Firms that have not had their anti-money laundering compliance systems independently audited will be the priorities for the Financial Markets Authority’s attentions, it has confirmed.

Tuesday, June 11th 2013, 6:40AM 9 Comments

AML legislation kicks in at the end of this month and it is widely expected that the FMA will take less of a “hand-holding” approach to the second raft of regulation and expect full compliance quickly.

The FMA says it will be requesting audit reports from entities that are regarded as a high or medium risk. “We will set up a time for the first audit with entities in these sectors. FMA expects some audit reports to be available for the period 30 June 2013 to 31 December 2013, with subsequent audit reports to be prepared by the reporting entities two yearly or earlier, subject to FMA’s request.”

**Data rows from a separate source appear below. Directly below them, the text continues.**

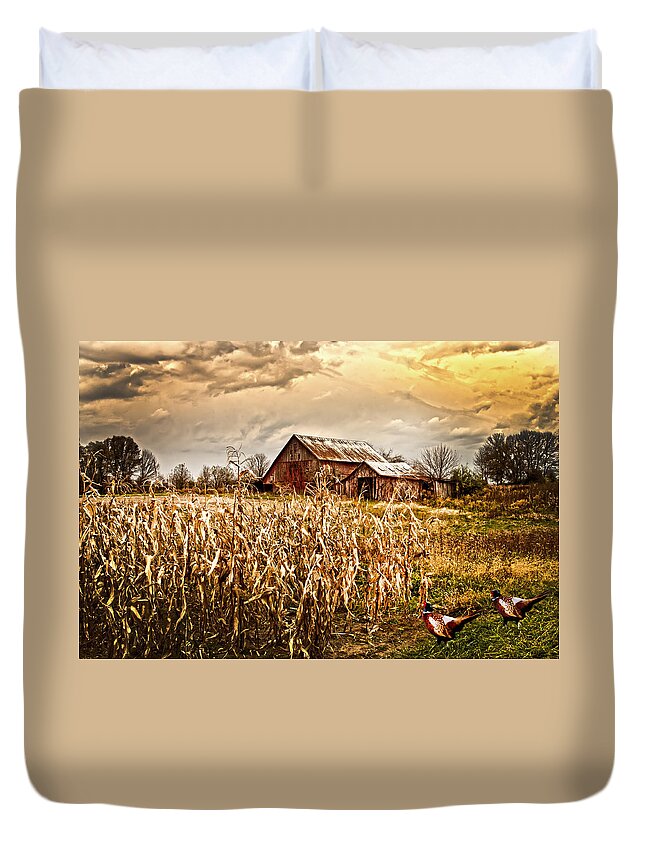 Pheasants Duvet Cover featuring the photograph Pheasants Heading For Corn Patch by Randall Branham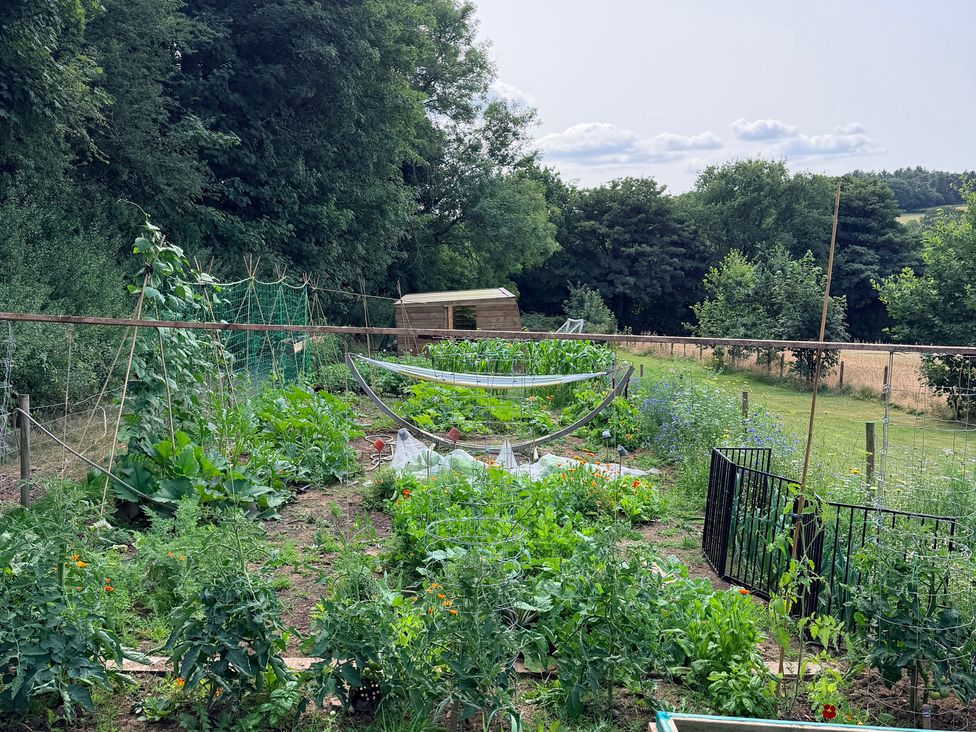 A garden with plants and a shed at Providence Cottage in Trellech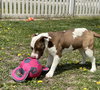 Bree - Photo 3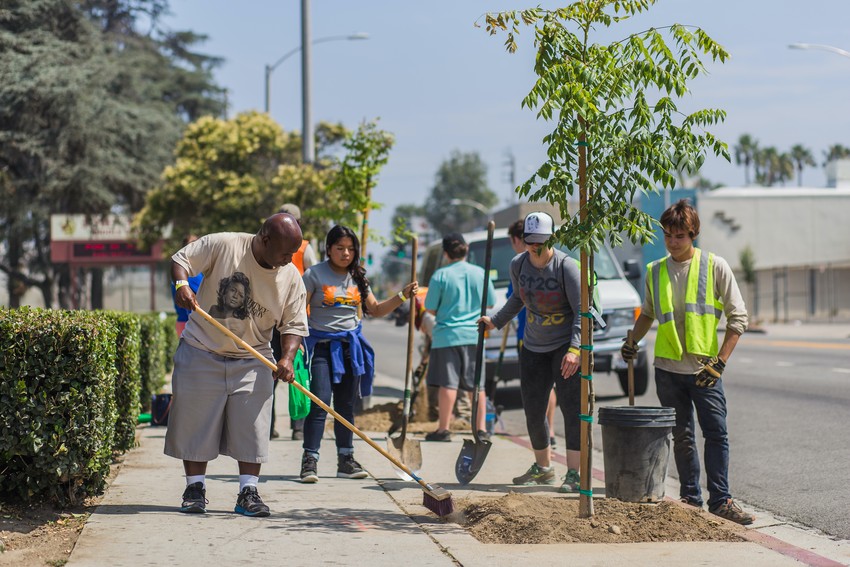 Our Towns A Plan to Grow 90,000 Trees in Los Angeles The Atlantic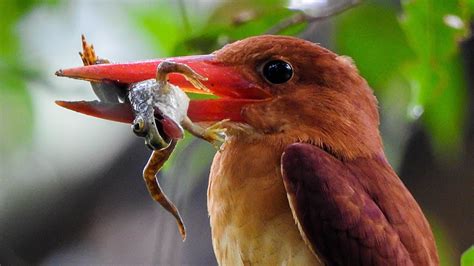 Do Birds Eat Frogs? - Birds Fact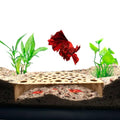 CTWPets Shrimp Breeding Protector | Shrimp Breeding Cave Aquarium Tunnel (Light Brown) - color: Light Brown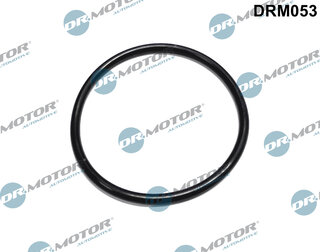 Dr. Motor DRM053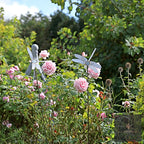 Swaying Birds / Insects Decorative Garden Stakes.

It will review risk assessments and compliance programmes.

The FMA says when non-compliance is detected, notices or warnings may be used. Further non-compliance could result in criminal or civil prosecution.

It says that it will use and intelligence and risk-based approach to monitoring and surveillance.

“As part of our risk-based approach, we will proactively monitor a range of reporting entities within our supervised sector. This allows us to identify any new risks and any compliance themes or areas of poor practice across the sector. It also helps FMA to identify a need for further guidance and ensure our expectations are practical.”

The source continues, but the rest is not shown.